━━━━━ SUPPLIED MATERIAL

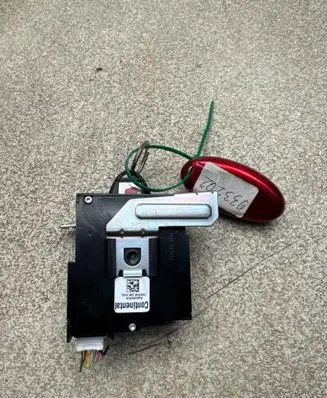 Nissan 370Z Ignition lock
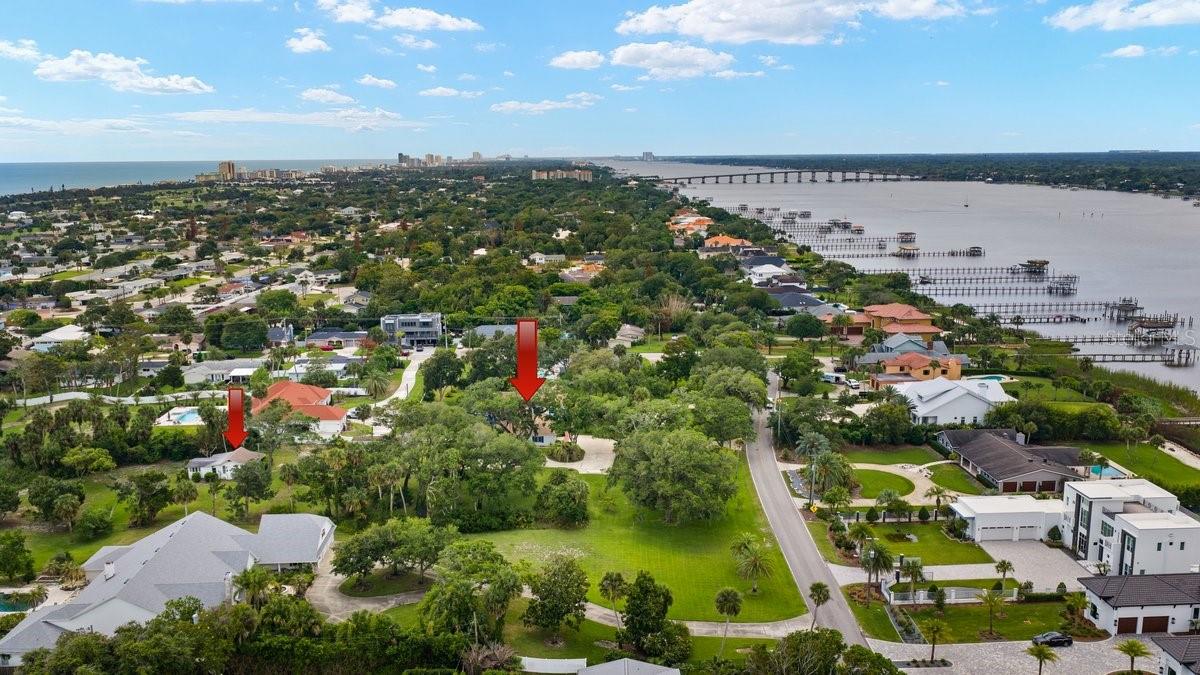639 & 659 John Anderson Drive, FL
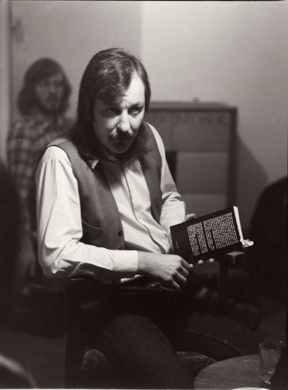 Kunst, Selbstorganisation, Literatur, Lesung, Vertrieb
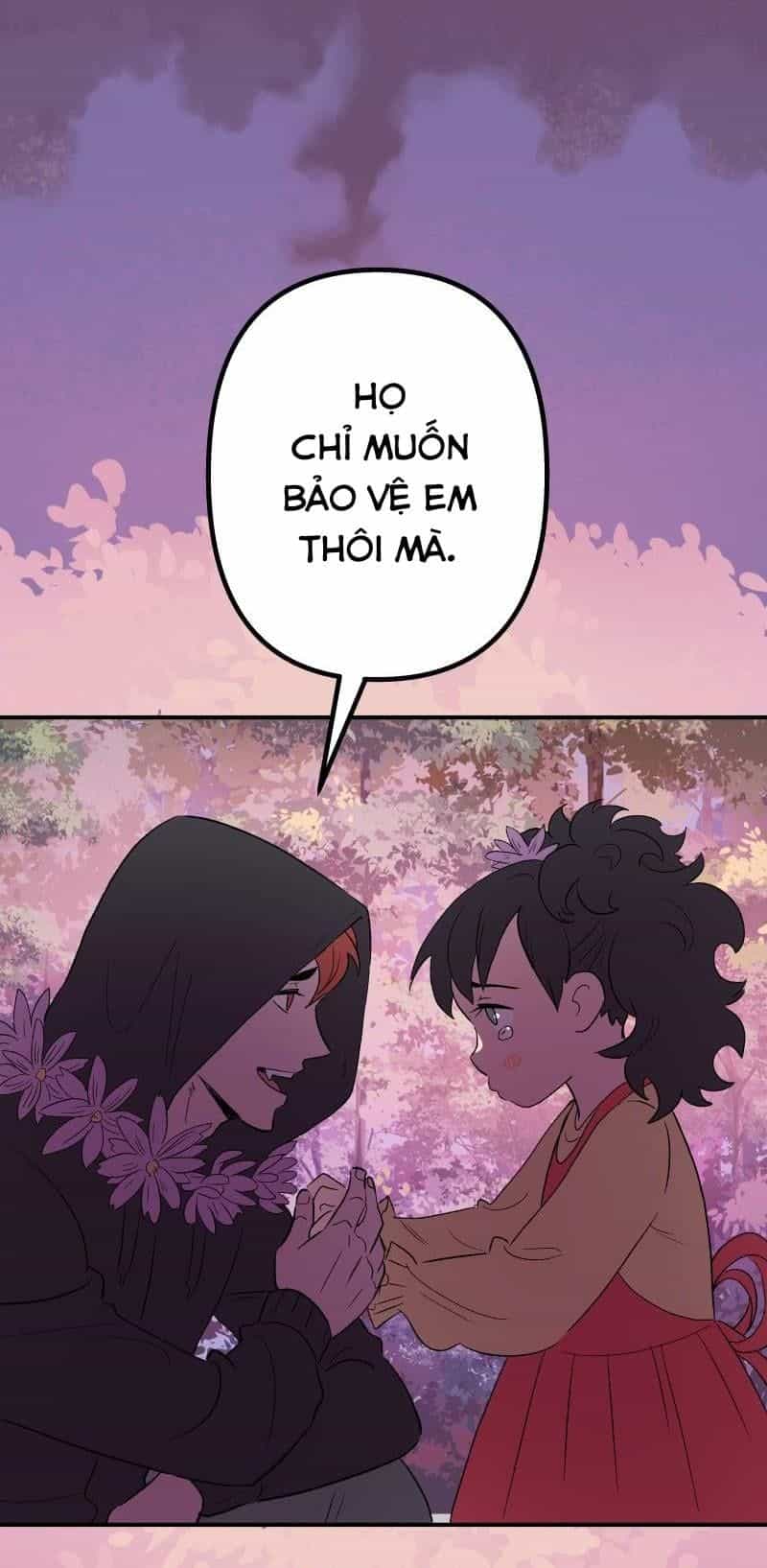 Morgana And Oz - Chương 37 - ảnh 35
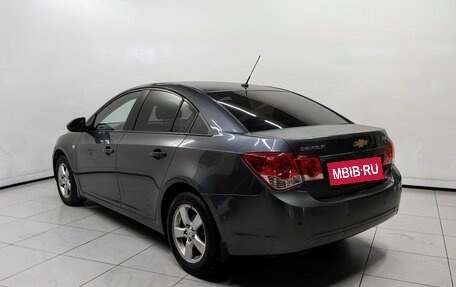 Chevrolet Cruze II, 2011 год, 708 000 рублей, 2 фотография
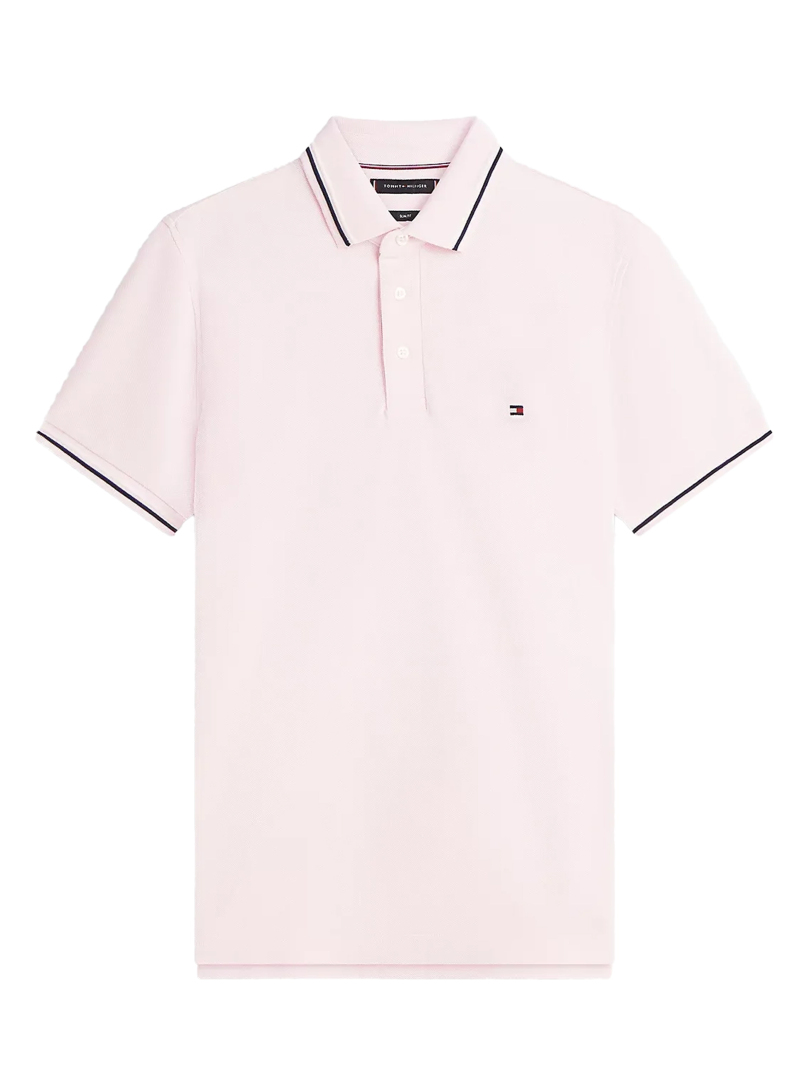 ΑΝΔΡΙΚΗ POLO ΜΠΛΟΥΖΑ 1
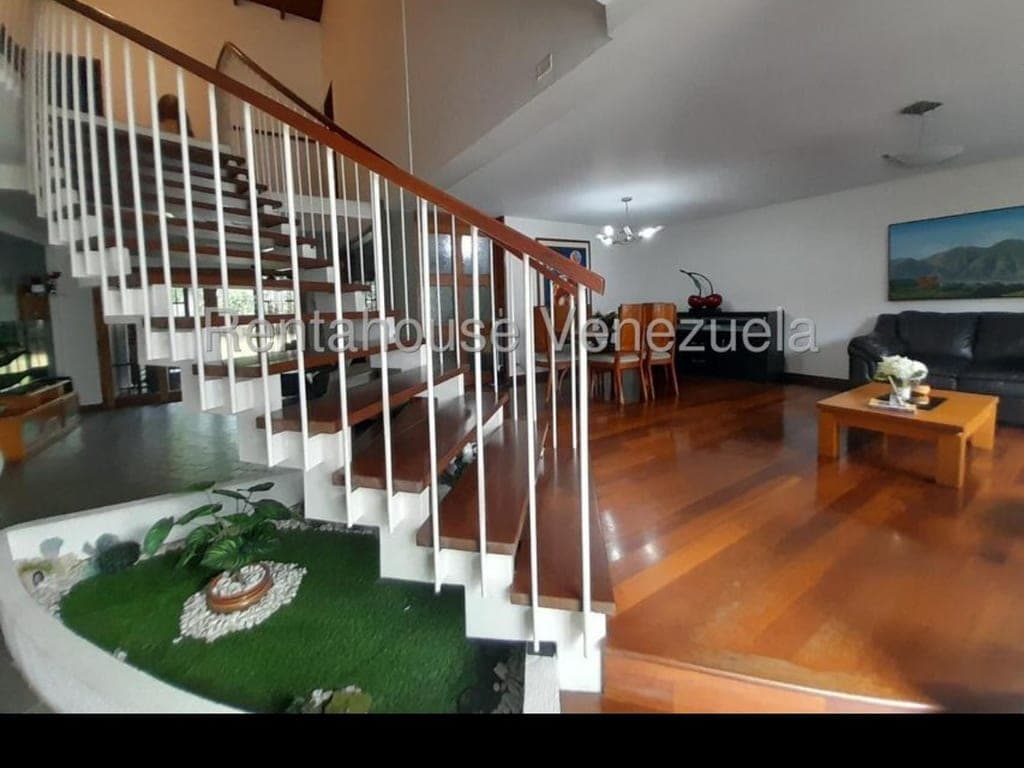 Foto 3 de Casa en Colinas de Bello Monte, Caracas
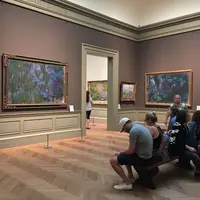 メトロポリタン美術館の写真・動画_image_160914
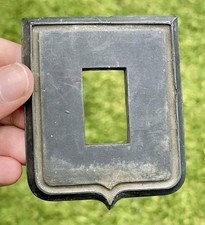 Stand Base Mount For Drago Car Badge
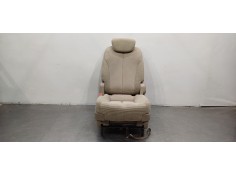 Recambio de asientos tercera fila ( pareja ) para kia carnival 2.9 crdi vgt concept referencia OEM IAM 895104D411   2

━━━━━━━━━━

◆ YOUR TASK ◆
The answer should be the full material above, printed exactly, with no pictures in it.

◆ ANSWER TO THE PROBLEM ◆
 Nissan 370Z Ignition lock
639 & 659 John Anderson Drive, FL
 Kunst, Selbstorganisation, Literatur, Lesung, Vertrieb
 Morgana And Oz - Chương 37 - ảnh 35
 Chevrolet Cruze II, 2011 год, 708 000 рублей, 2 фотография
 ΑΝΔΡΙΚΗ POLO ΜΠΛΟΥΖΑ 1
 Foto 3 de Casa en Colinas de Bello Monte, Caracas
 メトロポリタン美術館の写真・動画_image_160914
 Stand Base Mount For Drago Car Badge
 Recambio de asientos tercera fila ( pareja ) para kia carnival 2.9 crdi vgt concept referencia OEM IAM 895104D411   2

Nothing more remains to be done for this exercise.